The City of Brass by S. A. Chakraborty
535 pages
Published 2017
Read from March 13 to March 27
Rating: 4 out of 5
It's been a long time since I read a novel this lengthy. The Lord of the Rings doesn't count; I'd read that one several times before, so it was a fond revisit rather than a fresh read. Turns out the last book I read approaching this one in wordcount was Lauren Owen's The Quick, all the way back in October 2019, several tumultuous lifetimes ago.
For a while now, I've been reading and writing mostly short form pieces: short stories, flash, quite a bit of poetry. Concurrently, my ADHD (and my attention span in general) has been more of a struggle than it used to be. I've been trying to get back into reading novels, but have been intimidated by the proverbial fantasy doorstops that I used to enjoy.

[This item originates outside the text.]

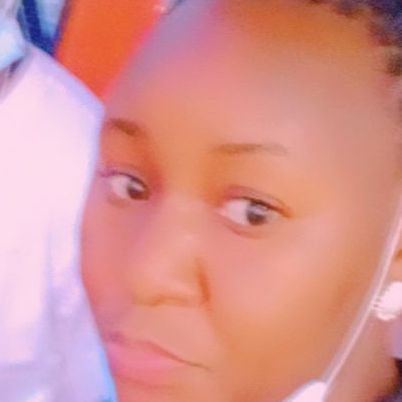 Jussy62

It's difficult to maintain any reasonable reading pace when the 50 or so pages I can manage on an average day barely make a dent in the page-count.
I'm having to refamiliarize myself with the pacing of longer books. On one hand, it's luxurious when a book has room to indulge in detailed worldbuilding and scene-setting, spending time with mood and vibes rather than rushing between plot points. On the other, The City of Brass spends much of its bulk establishing a norm for its characters and the titular city's political machinations, only to scuttle it in the last couple chapters. At times I felt a bit of the sprawl could've been trimmed without losing much in the way of character detail or sense of place.
That said, the sense of place in this book is astounding. Daevabad, and the world of elemental magic and beings swirling around it, feels as fully-realized as any fantasy setting I've encountered.